Hasidism was thus a plant the seeds of which had been sown by the various sects. Like the former Hasidim, or even the Assideans of nearly two thousand years before, their latter-day namesakes rigidly adhered to the laws of Levitical purification, and, to a certain extent, led a communistic life. In addition they accepted, in a modified form, certain customs and beliefs of the Catholic church that had been adopted by the followers of Frank. The prayers to the saints (zaddikim), the conception of faith as the fountain of salvation, even the belief in a trinity consisting of the Godhead, the Shekinah, and the Holy Ghost, these and other exotic doctrines introduced by the Cabbala took root and grew in the vineyard of Hasidism.[10]

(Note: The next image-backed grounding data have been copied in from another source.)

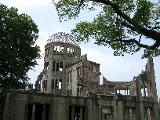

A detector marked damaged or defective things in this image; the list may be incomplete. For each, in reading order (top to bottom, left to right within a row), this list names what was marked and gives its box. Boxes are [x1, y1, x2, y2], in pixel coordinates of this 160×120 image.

damaged stone facade [0, 32, 159, 120]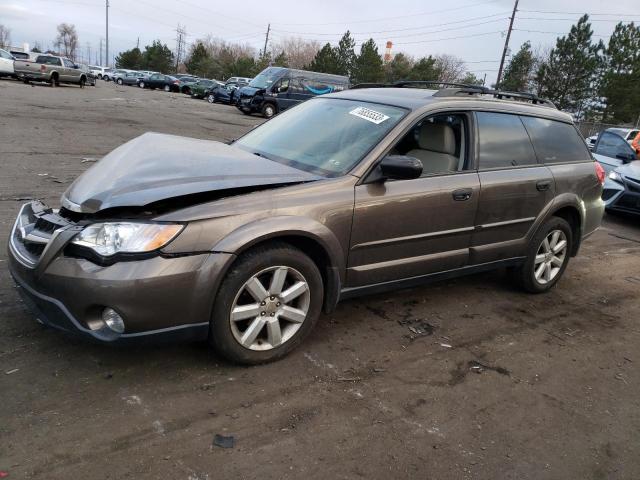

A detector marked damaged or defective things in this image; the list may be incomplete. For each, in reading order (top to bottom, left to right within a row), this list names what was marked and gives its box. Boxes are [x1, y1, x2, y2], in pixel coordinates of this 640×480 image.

crumpled hood [62, 132, 318, 213]
damaged front bumper [8, 201, 235, 344]
broken headlight assembly [71, 222, 184, 258]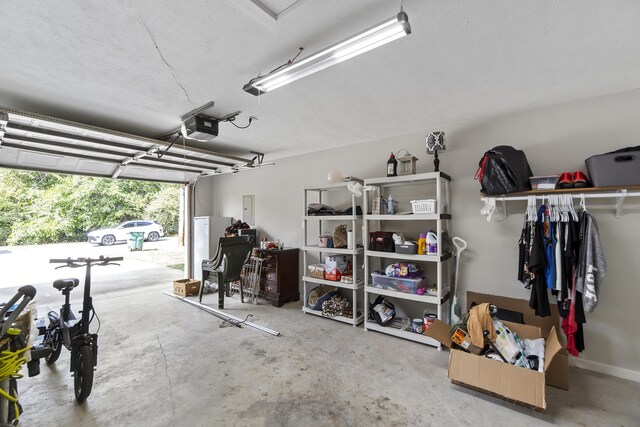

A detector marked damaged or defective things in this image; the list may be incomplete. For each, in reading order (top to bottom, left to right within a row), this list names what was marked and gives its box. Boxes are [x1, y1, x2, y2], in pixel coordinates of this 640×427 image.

ceiling crack [127, 0, 192, 105]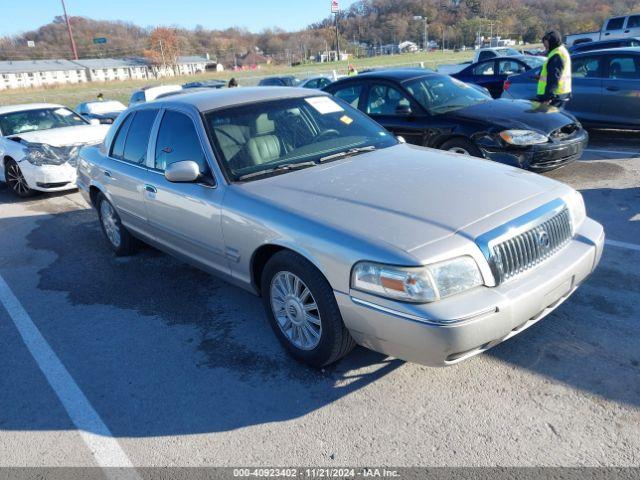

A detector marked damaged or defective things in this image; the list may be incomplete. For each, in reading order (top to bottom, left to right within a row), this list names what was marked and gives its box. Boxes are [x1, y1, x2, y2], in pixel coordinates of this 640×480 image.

The founder of the sect has an interesting history. In his childhood he gave no evidence of future greatness. His education was of a low order, but his feeling heart and sympathetic soul won him the esteem of all that knew him. The woods possessed the same charm for him as for Wordsworth or Whitman. With the latter especially he seems to have much in common. While a child, he absented himself frequently from the narrow and noisy heder, and spent the day in the quiet of the neighboring woods. When he grew up, he accepted the menial position of a school usher. His office was to go from house to house, arouse the sleeping children, dress them, and bring them to heder. But the time soon came when humble and obscure Israel "revealed" himself to the world. Owing to his tact and knowledge of human nature, combined with the conditions of the times, his teachings spread rapidly. He was speedily crowned with the glory of a "good name" (Baal Shem Tob), and in the end he was immortalized.
From such a man we can expect only originality, not profundity. Indeed, his whole life was a protest against the subtleties of the Talmudists and the ceremonies, meaningless to him, which they introduced into Judaism. His object was to remove the petrified rabbinical restrictions (gezerot) and develop the emotional side of the Jew in their stead. He was primarily a man of action, and had little love for the rabbis, their passivity, world-weariness, and pride of intellect. It is said that when he "overheard the sounds of eager, loud discussions issuing from a rabbinical college, closing his ears with his hands, [he] declared that it was such disputants who delayed the redemption of Israel from captivity." Men like these, who study the Law for the sake of knowing, not of feeling, cannot claim any merit for it. They deserve to be called "Jewish devils." Only he is worthy of reward who is virtuous rather than innocent, who does what he is afraid to do, who, as Jacob Joseph of Polonnoy puts it, "acquires evil thoughts and converts them into holy ones." No asceticism for him. All kinds of human feelings deserve our respect, for it is not the body that feels but the soul, and the soul, "being a part of God on high, cannot possibly have an absolutely bad tendency." Men may not be heresy-hunters and fault-finders, for none is free from heresy and faults himself: the face he brings to the mirror, he finds reflected in it. Yea, even the followers of Abraham possess evil propensities, and noble qualities frequently belong to the disciples of Balaam himself.[11]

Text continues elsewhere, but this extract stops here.